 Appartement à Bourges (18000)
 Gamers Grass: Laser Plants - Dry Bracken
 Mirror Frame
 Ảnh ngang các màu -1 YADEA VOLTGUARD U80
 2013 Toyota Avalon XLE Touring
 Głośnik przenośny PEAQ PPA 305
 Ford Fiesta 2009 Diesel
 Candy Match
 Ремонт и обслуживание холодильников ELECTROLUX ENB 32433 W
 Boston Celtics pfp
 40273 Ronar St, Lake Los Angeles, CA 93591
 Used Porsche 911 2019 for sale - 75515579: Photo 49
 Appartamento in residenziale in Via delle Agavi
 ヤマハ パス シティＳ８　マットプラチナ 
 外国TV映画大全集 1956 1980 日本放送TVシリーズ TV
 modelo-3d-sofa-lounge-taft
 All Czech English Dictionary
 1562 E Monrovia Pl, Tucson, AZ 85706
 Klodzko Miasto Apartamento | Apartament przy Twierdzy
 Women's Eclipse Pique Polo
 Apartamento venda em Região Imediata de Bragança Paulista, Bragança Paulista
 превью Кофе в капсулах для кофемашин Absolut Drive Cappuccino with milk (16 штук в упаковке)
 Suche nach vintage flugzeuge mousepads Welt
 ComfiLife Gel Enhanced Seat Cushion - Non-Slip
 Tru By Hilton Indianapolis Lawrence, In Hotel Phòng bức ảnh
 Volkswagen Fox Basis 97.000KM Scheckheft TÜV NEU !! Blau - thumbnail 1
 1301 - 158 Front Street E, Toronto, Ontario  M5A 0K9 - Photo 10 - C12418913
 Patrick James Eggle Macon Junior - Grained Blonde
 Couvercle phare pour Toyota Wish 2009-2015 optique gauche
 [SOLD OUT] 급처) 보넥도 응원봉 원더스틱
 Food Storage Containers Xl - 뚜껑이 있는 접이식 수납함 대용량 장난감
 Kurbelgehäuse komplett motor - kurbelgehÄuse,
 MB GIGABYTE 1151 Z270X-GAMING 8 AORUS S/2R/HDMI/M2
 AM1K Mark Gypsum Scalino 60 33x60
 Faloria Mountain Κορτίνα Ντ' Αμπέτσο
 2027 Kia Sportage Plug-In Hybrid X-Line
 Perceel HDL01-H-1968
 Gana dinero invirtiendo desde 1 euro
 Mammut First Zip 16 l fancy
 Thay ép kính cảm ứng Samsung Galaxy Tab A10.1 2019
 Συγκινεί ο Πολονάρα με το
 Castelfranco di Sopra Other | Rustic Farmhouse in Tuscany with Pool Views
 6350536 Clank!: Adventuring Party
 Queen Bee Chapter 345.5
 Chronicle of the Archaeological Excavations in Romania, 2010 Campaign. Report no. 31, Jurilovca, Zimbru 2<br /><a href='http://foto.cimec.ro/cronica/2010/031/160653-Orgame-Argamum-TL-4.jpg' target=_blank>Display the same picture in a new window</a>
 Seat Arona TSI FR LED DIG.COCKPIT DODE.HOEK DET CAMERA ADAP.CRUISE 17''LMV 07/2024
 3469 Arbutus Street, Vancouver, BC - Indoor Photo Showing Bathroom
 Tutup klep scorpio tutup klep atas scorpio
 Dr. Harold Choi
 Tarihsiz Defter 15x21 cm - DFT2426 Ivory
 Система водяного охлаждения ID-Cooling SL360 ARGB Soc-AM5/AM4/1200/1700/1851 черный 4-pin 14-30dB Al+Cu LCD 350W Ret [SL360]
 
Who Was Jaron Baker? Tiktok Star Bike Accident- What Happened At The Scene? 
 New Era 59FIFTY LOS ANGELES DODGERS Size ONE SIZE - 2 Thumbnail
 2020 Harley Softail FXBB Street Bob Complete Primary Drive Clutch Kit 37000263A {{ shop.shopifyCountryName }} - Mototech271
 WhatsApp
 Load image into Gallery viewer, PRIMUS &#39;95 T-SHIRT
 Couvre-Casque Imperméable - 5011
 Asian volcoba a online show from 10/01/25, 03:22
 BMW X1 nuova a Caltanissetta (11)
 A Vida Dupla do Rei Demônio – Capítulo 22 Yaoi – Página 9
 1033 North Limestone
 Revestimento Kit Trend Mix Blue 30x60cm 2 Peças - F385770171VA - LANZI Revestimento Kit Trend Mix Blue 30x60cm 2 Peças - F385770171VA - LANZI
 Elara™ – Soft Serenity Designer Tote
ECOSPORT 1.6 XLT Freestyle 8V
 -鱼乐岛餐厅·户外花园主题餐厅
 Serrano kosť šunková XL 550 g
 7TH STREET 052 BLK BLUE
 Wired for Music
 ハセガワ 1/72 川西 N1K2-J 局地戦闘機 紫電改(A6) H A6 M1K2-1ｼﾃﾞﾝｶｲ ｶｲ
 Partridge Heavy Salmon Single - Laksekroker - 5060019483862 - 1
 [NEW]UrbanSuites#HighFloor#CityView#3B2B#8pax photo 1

□ □ □ □ □

| ACTIVITY |
Repeat the data. Keep every word the same.

| REPLY |
 Appartement à Bourges (18000)
 Gamers Grass: Laser Plants - Dry Bracken
 Mirror Frame
 Ảnh ngang các màu -1 YADEA VOLTGUARD U80
 2013 Toyota Avalon XLE Touring
 Głośnik przenośny PEAQ PPA 305
 Ford Fiesta 2009 Diesel
 Candy Match
 Ремонт и обслуживание холодильников ELECTROLUX ENB 32433 W
 Boston Celtics pfp
 40273 Ronar St, Lake Los Angeles, CA 93591
 Used Porsche 911 2019 for sale - 75515579: Photo 49
 Appartamento in residenziale in Via delle Agavi
 ヤマハ パス シティＳ８　マットプラチナ 
 外国TV映画大全集 1956 1980 日本放送TVシリーズ TV
 modelo-3d-sofa-lounge-taft
 All Czech English Dictionary
 1562 E Monrovia Pl, Tucson, AZ 85706
 Klodzko Miasto Apartamento | Apartament przy Twierdzy
 Women's Eclipse Pique Polo
 Apartamento venda em Região Imediata de Bragança Paulista, Bragança Paulista
 превью Кофе в капсулах для кофемашин Absolut Drive Cappuccino with milk (16 штук в упаковке)
 Suche nach vintage flugzeuge mousepads Welt
 ComfiLife Gel Enhanced Seat Cushion - Non-Slip
 Tru By Hilton Indianapolis Lawrence, In Hotel Phòng bức ảnh
 Volkswagen Fox Basis 97.000KM Scheckheft TÜV NEU !! Blau - thumbnail 1
 1301 - 158 Front Street E, Toronto, Ontario  M5A 0K9 - Photo 10 - C12418913
 Patrick James Eggle Macon Junior - Grained Blonde
 Couvercle phare pour Toyota Wish 2009-2015 optique gauche
 [SOLD OUT] 급처) 보넥도 응원봉 원더스틱
 Food Storage Containers Xl - 뚜껑이 있는 접이식 수납함 대용량 장난감
 Kurbelgehäuse komplett motor - kurbelgehÄuse,
 MB GIGABYTE 1151 Z270X-GAMING 8 AORUS S/2R/HDMI/M2
 AM1K Mark Gypsum Scalino 60 33x60
 Faloria Mountain Κορτίνα Ντ' Αμπέτσο
 2027 Kia Sportage Plug-In Hybrid X-Line
 Perceel HDL01-H-1968
 Gana dinero invirtiendo desde 1 euro
 Mammut First Zip 16 l fancy
 Thay ép kính cảm ứng Samsung Galaxy Tab A10.1 2019
 Συγκινεί ο Πολονάρα με το
 Castelfranco di Sopra Other | Rustic Farmhouse in Tuscany with Pool Views
 6350536 Clank!: Adventuring Party
 Queen Bee Chapter 345.5
 Chronicle of the Archaeological Excavations in Romania, 2010 Campaign. Report no. 31, Jurilovca, Zimbru 2<br /><a href='http://foto.cimec.ro/cronica/2010/031/160653-Orgame-Argamum-TL-4.jpg' target=_blank>Display the same picture in a new window</a>
 Seat Arona TSI FR LED DIG.COCKPIT DODE.HOEK DET CAMERA ADAP.CRUISE 17''LMV 07/2024
 3469 Arbutus Street, Vancouver, BC - Indoor Photo Showing Bathroom
 Tutup klep scorpio tutup klep atas scorpio
 Dr. Harold Choi
 Tarihsiz Defter 15x21 cm - DFT2426 Ivory
 Система водяного охлаждения ID-Cooling SL360 ARGB Soc-AM5/AM4/1200/1700/1851 черный 4-pin 14-30dB Al+Cu LCD 350W Ret [SL360]
 
Who Was Jaron Baker? Tiktok Star Bike Accident- What Happened At The Scene? 
 New Era 59FIFTY LOS ANGELES DODGERS Size ONE SIZE - 2 Thumbnail
 2020 Harley Softail FXBB Street Bob Complete Primary Drive Clutch Kit 37000263A {{ shop.shopifyCountryName }} - Mototech271
 WhatsApp
 Load image into Gallery viewer, PRIMUS &#39;95 T-SHIRT
 Couvre-Casque Imperméable - 5011
 Asian volcoba a online show from 10/01/25, 03:22
 BMW X1 nuova a Caltanissetta (11)
 A Vida Dupla do Rei Demônio – Capítulo 22 Yaoi – Página 9
 1033 North Limestone
 Revestimento Kit Trend Mix Blue 30x60cm 2 Peças - F385770171VA - LANZI Revestimento Kit Trend Mix Blue 30x60cm 2 Peças - F385770171VA - LANZI
 Elara™ – Soft Serenity Designer Tote
ECOSPORT 1.6 XLT Freestyle 8V
 -鱼乐岛餐厅·户外花园主题餐厅
 Serrano kosť šunková XL 550 g
 7TH STREET 052 BLK BLUE
 Wired for Music
 ハセガワ 1/72 川西 N1K2-J 局地戦闘機 紫電改(A6) H A6 M1K2-1ｼﾃﾞﾝｶｲ ｶｲ
 Partridge Heavy Salmon Single - Laksekroker - 5060019483862 - 1
 [NEW]UrbanSuites#HighFloor#CityView#3B2B#8pax photo 1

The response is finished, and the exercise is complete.